A la primera galopada de Memphis Depay vestido de azulgrana el barcelonismo fantaseó con un kilo de pedruscos menos en sus bolsillos, ese lugar de donde antes se caían los goles y los títulos pero ahora salen más arañas y polillas que otra cosa. El chico tenía trazas de 20 goles y 10 asistencias. Pintaba a cosa moderna, así como 'indie' pero melódica. Hombros abultados, cabeza alta, cuádriceps duro y tobillo flexible. Su última etapa en el Lyon había sido irregular pero prometedora, y a menudo los resúmenes de la selección neerlandesa incluían algo bonito con su firma al pie. Llegó libre como un águila, y al principio de su andadura logró que una afición con las plumas cubiertas de alquitrán soñara de nuevo con volar. Pero pronto se vio que las esperanzas en su capacidad para asumir el liderazgo ofensivo de un Barça deslavazado eran meras calenturas, un Ícaro de futbolín.

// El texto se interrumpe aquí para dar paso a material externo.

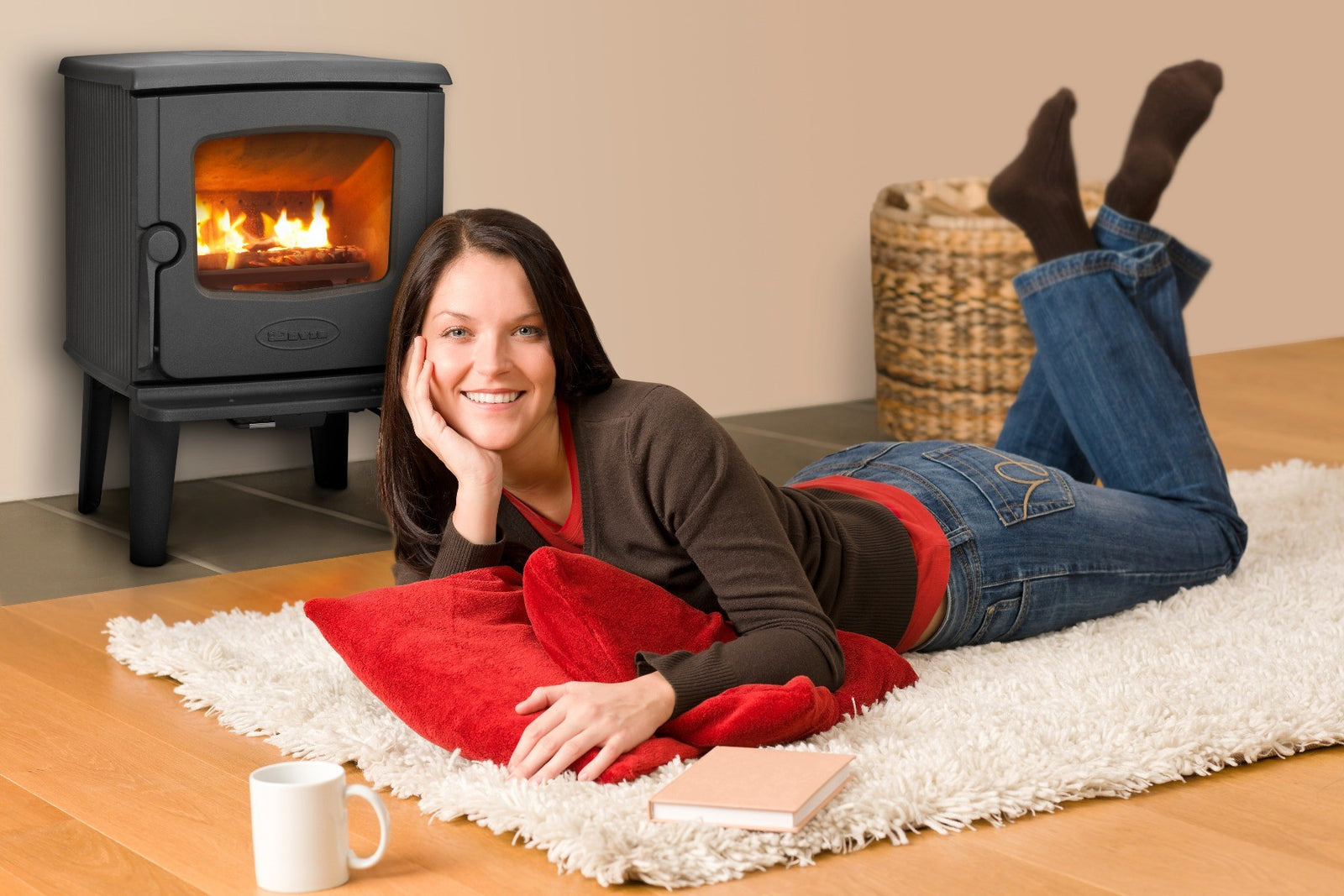 Dovre 325CB houtkachel in woonkamer met brandend vuur en vrouw op vloerkleed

Marcó un puñado de goles, se comportó con el debido decoro profesional en un club con aire a crematorio y, en líneas generales, no se puede decir prácticamente nada malo de su rendimiento, lesiones aparte. Pero el problema de Memphis es que no es chicha ni tampoco limoná. Se lo ve fortachón pero no es tan recio como aparenta a la hora de ir al remate. Tampoco tan rápido con el balón en los pies como uno esperaría. Es un '9' que saca los córners en lugar de rematarlos. Cuando la tiene que poner, tira a puerta. Cuando tiene que tirar, la pone. Su nariz no es chata ni puntiaguda, sino todo lo contrario. Y siempre le sobra el último recorte. Quizá por eso tiene esos ojillos tristes colgados de la cara, porque la mayor parte del fútbol que hay en su cabeza nunca sale de ahí.

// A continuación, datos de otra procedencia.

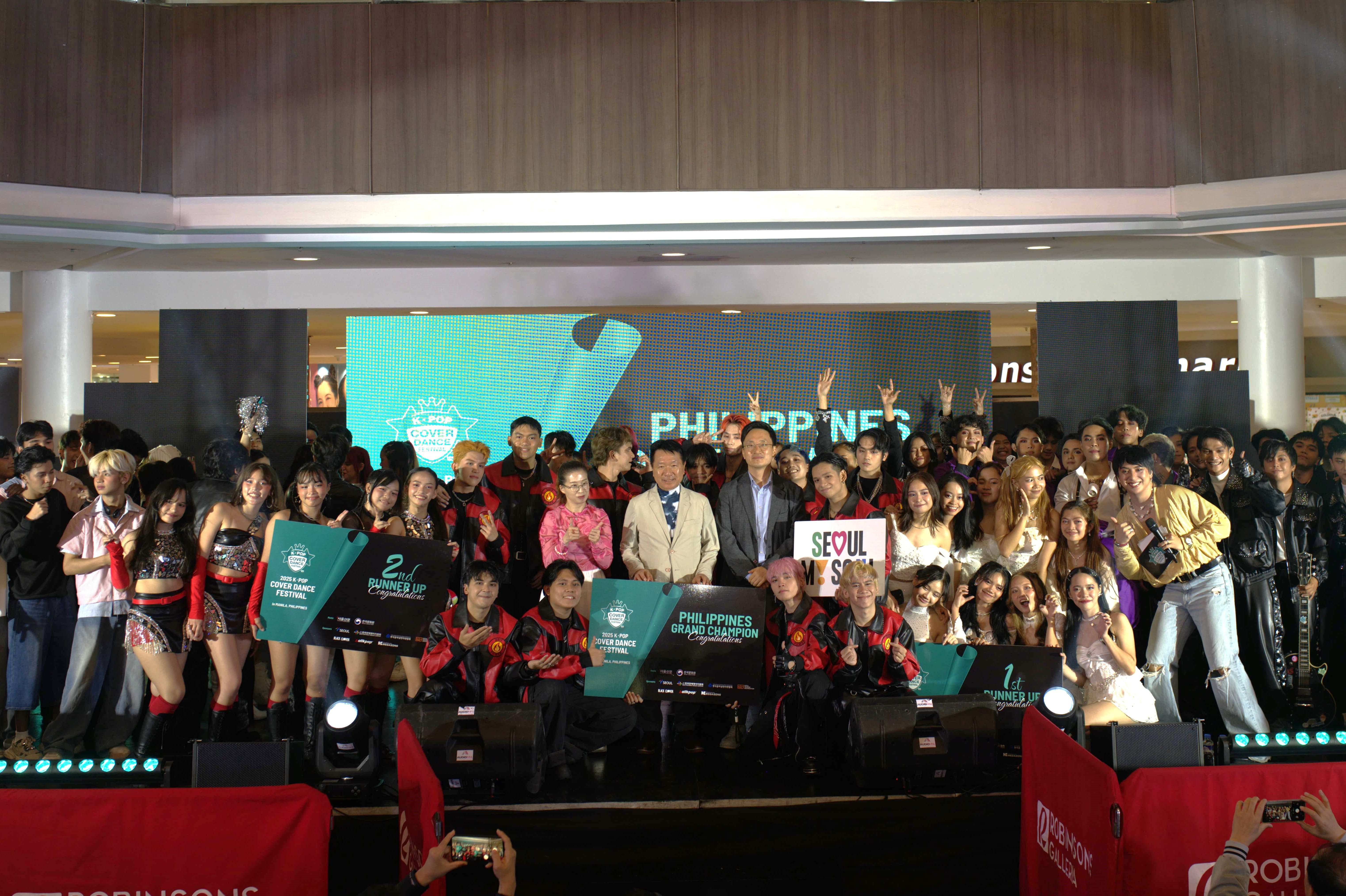 Kpop cover dance festival participants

Ni le resolvió la papeleta a Koeman ni se le resuelve a Xavi, porque todo lo expuesto a los rivales del Barça los intimida más bien poco. Así que ahora está en el mercado, claro. Un paso más en una extraña 'desholandización' de un club que vive en un deja vu constante y pegajoso. Es curioso, porque los desempeños de Frenkie, Luuk y Depay no tienen nada que ver. El rubio mediocentro ha esbozado una impronta de dominador a base de amasar la pelota y frecuentar sus alrededores como si no existiera más campo que en un radio de dos metros del cuero. El espigado culminador de centros será recordado por cantar emocionantes himnos frente al altar de la épica, aunque solo un domingo de cada cuatro. De ninguno de los dos se va a desprender el Barcelona por malos, ni mucho menos.

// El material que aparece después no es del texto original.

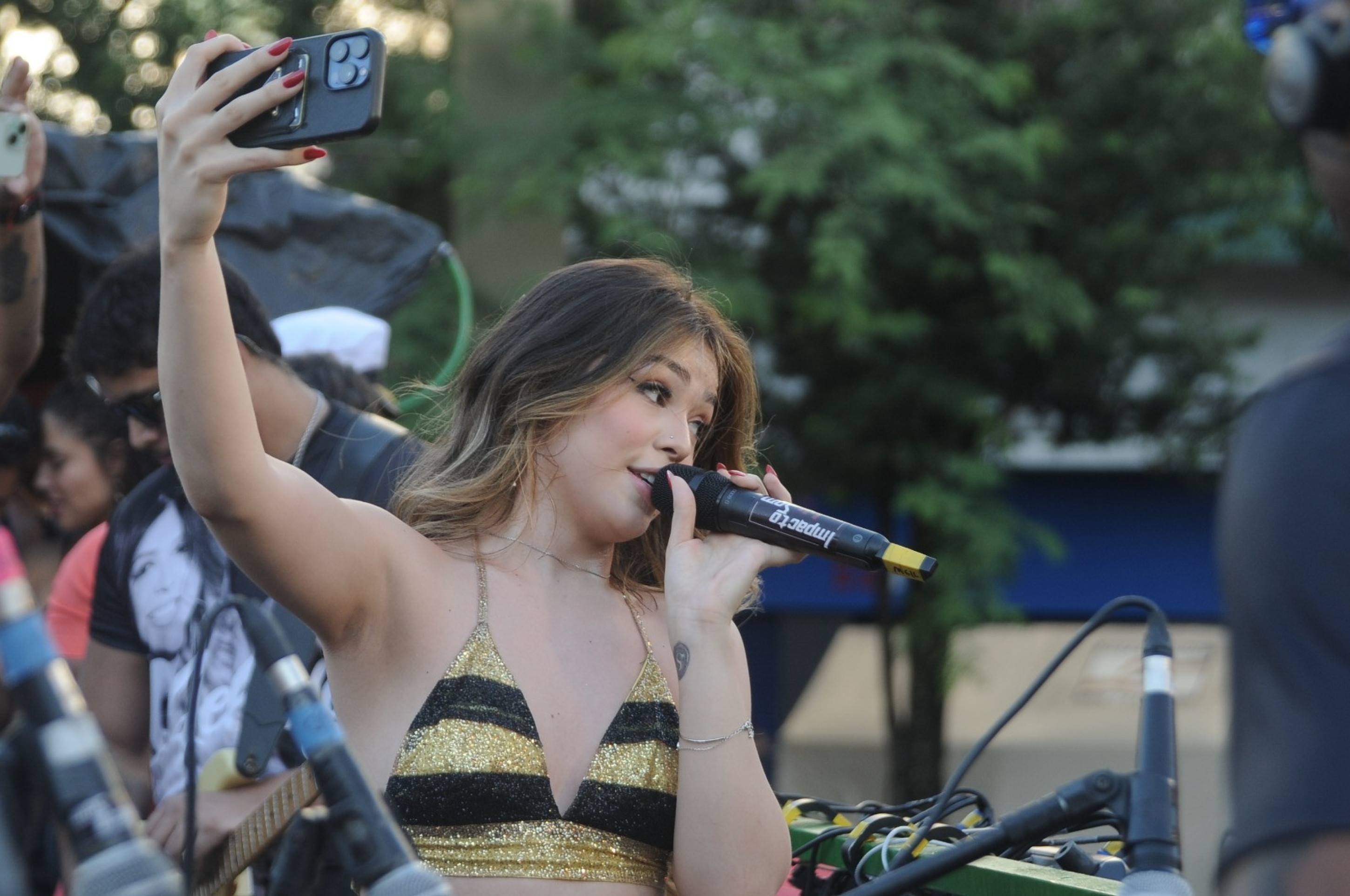 A concentração do bloco de DJs, que conta com a participação da cantora Melody, dona de hits virais, começou às 15h, mas a cantora só chegou ao local por volta das 17h-Alexandre Guzanshe/EM/D.A Press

Y algo similar ocurre con el delantero criollo, quien ha ido extraviándose en un contexto cada vez más ajeno a sus cualidades. O eso se deduce de su insistencia en apretar el botón de la pausa en pleno centrifugado. Cuando la pelota ha pasado por el regazo de Memphis, el Barcelona no ha tenido temple, ni pegada, ni velocidad, ni astucia. Más que como un león, Depay se ha comportado como un gato tratando de desenredar un ovillo sentado en mitad de un parque de galgos. Y eso le otorga muchas opciones de acabar convertido en alfombra en algún salón ajeno. Salvo que las angustiosas circunstancias del Barça impongan otra cosa, claro. Porque aún no está claro si Xavi va a tener el equipo que quiere o el que buenamente se pueda.